Monday, July 14, 2014


Monday, July 14, 2014
Reading for today: Jonah 1-4

Jonah is one of those wonderful children stories from the Bible. Yet it is not just a children’s story, it is a valuable lesson for all ages. Jonah, I think is a lot like us. Jonah, a prophet of God, receives a word from God to go to Nineveh. Nineveh is a very large and prosperous city within the Assyrian Empire. The only thing is that Assyria is the “enemy” of Israel. It is a pagan city full of ungodly people.

So why would God send Jonah there?
Well, as you may know, Jonah does not want to go, and so he foolishly thinks he can escape God and go the other way.

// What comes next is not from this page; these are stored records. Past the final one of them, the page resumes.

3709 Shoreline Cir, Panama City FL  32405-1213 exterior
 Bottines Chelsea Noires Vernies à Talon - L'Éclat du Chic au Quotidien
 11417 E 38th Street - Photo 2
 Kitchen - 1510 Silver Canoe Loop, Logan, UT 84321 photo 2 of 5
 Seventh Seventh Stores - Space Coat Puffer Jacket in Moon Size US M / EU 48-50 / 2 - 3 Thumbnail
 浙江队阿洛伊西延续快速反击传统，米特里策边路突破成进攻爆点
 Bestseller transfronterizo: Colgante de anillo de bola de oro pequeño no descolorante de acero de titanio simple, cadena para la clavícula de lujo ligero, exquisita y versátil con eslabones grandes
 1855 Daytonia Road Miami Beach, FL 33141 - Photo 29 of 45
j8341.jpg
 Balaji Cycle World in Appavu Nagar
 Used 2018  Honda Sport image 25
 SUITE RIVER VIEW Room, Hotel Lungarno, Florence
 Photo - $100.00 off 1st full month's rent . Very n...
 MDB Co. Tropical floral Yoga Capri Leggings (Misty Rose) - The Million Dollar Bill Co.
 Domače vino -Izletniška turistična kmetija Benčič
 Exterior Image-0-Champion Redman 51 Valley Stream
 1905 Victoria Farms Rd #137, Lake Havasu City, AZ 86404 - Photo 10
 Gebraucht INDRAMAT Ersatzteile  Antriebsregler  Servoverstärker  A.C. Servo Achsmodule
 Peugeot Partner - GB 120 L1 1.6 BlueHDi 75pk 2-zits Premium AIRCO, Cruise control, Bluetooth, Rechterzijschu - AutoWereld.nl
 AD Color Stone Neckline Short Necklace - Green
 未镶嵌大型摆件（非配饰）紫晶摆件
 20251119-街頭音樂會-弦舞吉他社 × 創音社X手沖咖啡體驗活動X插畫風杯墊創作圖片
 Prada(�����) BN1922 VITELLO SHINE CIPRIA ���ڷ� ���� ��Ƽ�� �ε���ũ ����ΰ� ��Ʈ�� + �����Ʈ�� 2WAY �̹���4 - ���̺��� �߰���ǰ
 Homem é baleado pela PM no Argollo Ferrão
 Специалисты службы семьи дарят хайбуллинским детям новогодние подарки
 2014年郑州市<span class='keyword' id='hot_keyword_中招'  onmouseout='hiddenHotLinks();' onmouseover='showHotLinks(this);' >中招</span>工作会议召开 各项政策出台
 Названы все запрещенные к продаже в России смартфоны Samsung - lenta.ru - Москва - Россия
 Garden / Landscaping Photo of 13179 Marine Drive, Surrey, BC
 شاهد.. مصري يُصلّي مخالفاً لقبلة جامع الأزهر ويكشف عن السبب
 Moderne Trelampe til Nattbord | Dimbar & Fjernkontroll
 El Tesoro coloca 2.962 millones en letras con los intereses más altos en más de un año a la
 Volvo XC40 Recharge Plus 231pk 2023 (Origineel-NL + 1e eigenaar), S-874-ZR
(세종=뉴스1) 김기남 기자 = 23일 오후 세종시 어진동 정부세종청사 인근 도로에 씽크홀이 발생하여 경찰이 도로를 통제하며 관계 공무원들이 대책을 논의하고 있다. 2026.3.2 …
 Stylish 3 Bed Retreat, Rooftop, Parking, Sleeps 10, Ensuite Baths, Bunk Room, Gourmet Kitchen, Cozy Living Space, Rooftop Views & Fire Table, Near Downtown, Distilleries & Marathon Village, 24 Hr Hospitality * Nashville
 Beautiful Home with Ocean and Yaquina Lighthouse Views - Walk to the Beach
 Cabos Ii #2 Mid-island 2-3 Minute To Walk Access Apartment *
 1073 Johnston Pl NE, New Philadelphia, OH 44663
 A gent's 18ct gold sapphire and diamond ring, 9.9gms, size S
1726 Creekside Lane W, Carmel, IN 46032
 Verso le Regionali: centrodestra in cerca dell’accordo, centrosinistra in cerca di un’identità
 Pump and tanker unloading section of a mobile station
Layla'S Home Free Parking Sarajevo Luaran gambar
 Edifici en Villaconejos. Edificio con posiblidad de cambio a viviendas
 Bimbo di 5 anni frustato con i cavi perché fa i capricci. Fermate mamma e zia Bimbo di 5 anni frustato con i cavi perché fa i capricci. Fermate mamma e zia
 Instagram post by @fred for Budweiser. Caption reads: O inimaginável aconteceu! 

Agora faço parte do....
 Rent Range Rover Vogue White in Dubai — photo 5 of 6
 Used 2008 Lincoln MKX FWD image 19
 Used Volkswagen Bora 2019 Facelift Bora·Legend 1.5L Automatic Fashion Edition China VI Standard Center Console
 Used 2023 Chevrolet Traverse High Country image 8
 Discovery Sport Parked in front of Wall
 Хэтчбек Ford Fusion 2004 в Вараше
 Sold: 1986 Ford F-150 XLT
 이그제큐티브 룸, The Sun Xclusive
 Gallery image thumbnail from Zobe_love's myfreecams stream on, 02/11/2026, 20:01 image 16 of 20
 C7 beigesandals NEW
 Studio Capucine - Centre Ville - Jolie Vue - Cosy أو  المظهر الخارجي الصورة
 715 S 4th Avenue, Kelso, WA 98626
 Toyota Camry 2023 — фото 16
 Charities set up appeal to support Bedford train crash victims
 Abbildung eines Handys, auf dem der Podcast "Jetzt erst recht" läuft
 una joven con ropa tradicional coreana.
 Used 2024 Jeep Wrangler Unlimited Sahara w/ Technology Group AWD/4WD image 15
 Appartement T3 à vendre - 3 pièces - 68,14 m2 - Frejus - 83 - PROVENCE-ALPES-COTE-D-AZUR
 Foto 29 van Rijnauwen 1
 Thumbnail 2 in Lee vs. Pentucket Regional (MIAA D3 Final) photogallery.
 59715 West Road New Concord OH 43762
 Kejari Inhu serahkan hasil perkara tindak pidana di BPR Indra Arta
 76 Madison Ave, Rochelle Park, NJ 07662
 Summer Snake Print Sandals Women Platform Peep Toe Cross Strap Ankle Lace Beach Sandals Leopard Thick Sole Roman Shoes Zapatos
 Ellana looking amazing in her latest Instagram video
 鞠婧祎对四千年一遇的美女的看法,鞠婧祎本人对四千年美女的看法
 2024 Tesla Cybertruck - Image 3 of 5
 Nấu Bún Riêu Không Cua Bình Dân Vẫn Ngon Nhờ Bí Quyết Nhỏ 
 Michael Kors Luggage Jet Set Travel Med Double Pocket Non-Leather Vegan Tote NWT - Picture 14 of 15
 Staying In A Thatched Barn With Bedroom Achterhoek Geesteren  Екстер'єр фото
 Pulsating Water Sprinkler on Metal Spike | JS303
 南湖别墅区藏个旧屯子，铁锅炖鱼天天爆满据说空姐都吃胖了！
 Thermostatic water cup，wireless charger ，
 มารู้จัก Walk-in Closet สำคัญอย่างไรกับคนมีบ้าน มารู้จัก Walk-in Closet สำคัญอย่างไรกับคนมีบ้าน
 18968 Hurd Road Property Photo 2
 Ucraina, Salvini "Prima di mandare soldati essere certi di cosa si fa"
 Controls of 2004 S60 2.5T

Now before you get too critical with Jonah, ask yourself how many times you’ve run away from God? Thinking that you can hide from Him, hoping that He doesn’t see you or what you are doing?
But God had other plans for Jonah and forces him to take a long serious look at what he is doing, oh yeah, he gets to do this contemplation in the belly of a fish, ehewww. Can you imagine what that must have been like? – ok not going to go there. Anyway, Jonah realizes that he needs to follow God’s direction if he’s going to have any prospects of living. So Jonah gets spit up on the shore. (can I say ehewww one more time?) He heads to Nineveh to deliver God’s message and guess what, the people listen.
Only now instead of being happy, Jonah is upset. Why? Because Jonah wanted the people of Nineveh punished for their wickedness. He didn’t want God to save them. He thought that God’s mercy and grace only extended to the people of Israel, not realizing that God’s grace is for everyone. He had forgotten that Israel was to be a blessing to every other nation, by sharing God’s message to everyone. John 3:16 that amazing salvation message says, “For God so loved the world that he gave his one and only Son, that whoever believes in him shall not perish but have eternal life.” (NIV, emphasis mine).
God loves all people, everywhere. We should never pick and choose whom we share the gospel with, salvation is for all who will believe and receive by faith. When we love God with our whole heart, we will find it a whole lot easier to love all of His children and be willing to share that message with everyone we meet.
And maybe, just maybe, we can avoid getting swallowed by a fish.
Blessings
PK

1 comment:

  1. So Jonah resembles the epitome of a spoiled, self-righteous child. As a Hebrew man who "fears the God of heaven who made the sea and the dry land" (1:9), he understands the mercy and forgiveness of the God of Israel. However when God asks him to give a heathen nation a warning, and opportunity for repentance, he lets his prejudices get the best of him and refuses to take the message to them. He even admits to God that he was stalling because he knew He would be compassionate with them! (4:2) So he boarded a ship and sailed the opposite direction.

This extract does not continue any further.